Publié anonymement sous la simple lettre « Y. », L’Odyssée d’un transport torpillé est le lauréat du prix Femina 1917. Le prix, interrompu pendant les trois premières années de guerre, fait alors son grand retour en couronnant un roman maritime – à rebours des récits de tranchées. Deux ans plus tard, ce même prix sera décerné à Dorgelès pour Les Croix de bois.
Le texte, sous forme de lettres fictives adressées par le second du cargo Pamir à un ami mobilisé sur un cuirassé, est publié d’abord en feuilleton dans La Revue de Paris en 1917, puis repris chez Payot. Le succès est immense. Maurice Larrouy, alias Y., y révèle, dans un style sobre et technique, la violence du front naval, trop souvent occultée. Il s’agit d’un témoignage de première main : l’auteur, major de l’École navale, capitaine de frégate, décoré de la Légion d’honneur et de la Croix de guerre, connaît de l’intérieur la réalité qu’il décrit.
Le récit, très tôt jugé trop précis, subira la censure dès la deuxième partie, tandis que la troisième sera interdite de publication pour atteinte au secret militaire : Larrouy y décrivait avec force détails la vie d’un bâtiment ravitailleur dans l’Atlantique, au plus fort de la guerre sous-marine.
Norton Cru n’intègre pas l’ouvrage dans Témoins, mais en justifie ainsi l’absence comme pour : « Tous les récits des combattants, sauf ceux de la guerre sur mer, que je n’ai pas qualité pour vérifier, accepter ou refuser, commenter, juger, citer, classer. Leur inclusion introduirait dans un travail précis un élément de doute, d’à-peu-près et même d’erreur caractérisée. Il se trouvera quelqu’un, espérons-le, pour combler cette lacune. » (Témoins, Introduction générale)
L’Odyssée d’un transport torpillé aurait pourtant toute sa place dans un inventaire des meilleurs témoignages de guerre.
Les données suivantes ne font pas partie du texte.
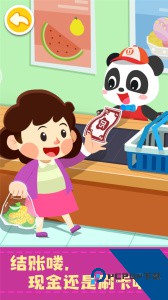 宝宝便利店长游戏下载 v9.91.00.00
Maurice Larrouy quittera la Marine en 1919 pour se consacrer à la littérature, publiant une vingtaine d’ouvrages, souvent sous le pseudonyme de René Milan.
Magnifique exemplaire, de choix, admirablement relié par Pierre-Lucien Martin : une demi-reliure ornée d’un titrage caractéristique de ses premier travaux.